If his company's contract — which has yet to be signed — is approved by the Hennepin County Board, he would oversee a diversion program for hundreds of first-time nonviolent drug and property offenders referred to him by the county attorney's office. If the offender is successful, the charges could be dropped.

Chuck Laszewski, a spokesman for the Hennepin County attorney's office, said the office knows about Adkisson's lack of formal training.

"We're also aware that he has an excellent track record with diversion programs he has run and we are confident we will have a great outcome while saving taxpayers a half-million dollars a year," he said. Freeman declined to be interviewed.

Several programs

Adkisson said he has trained his wife, who in turn will train the seven advisers who will have the responsibility for meeting once a month with the county's first-time offenders in 30-minute sessions.
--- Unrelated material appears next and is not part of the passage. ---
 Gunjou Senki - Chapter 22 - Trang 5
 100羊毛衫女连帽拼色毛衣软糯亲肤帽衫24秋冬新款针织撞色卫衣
Adkisson said he will also train the two intake workers he plans to hire to work with prosecutors in the court system.

Spurgeon Kennedy, one of the nation's top experts on diversion programs, questioned whether Diversion Solutions was an appropriate agency to do the job.

"I appreciate the school of hard knocks, but I don't think it qualifies you to be a diversion director," said Kennedy, who lives in Maryland. "It certainly doesn't qualify you to help other people get their lives together," he said.

Diversion Solutions has gained a major foothold in Minnesota, with contracts to run driver's license reinstatement programs in more than 100 Minnesota cities and 15 counties. It has also done some variations of diversion programs in 15 cities, including Minneapolis, and nine counties.

"From my perspective, they've done a very good job," said Dakota County Attorney James Backstrom, who said Diversion Solutions has operated its diversion program since 2014. Last year, they referred 63 people through its adult felony property crimes diversion program.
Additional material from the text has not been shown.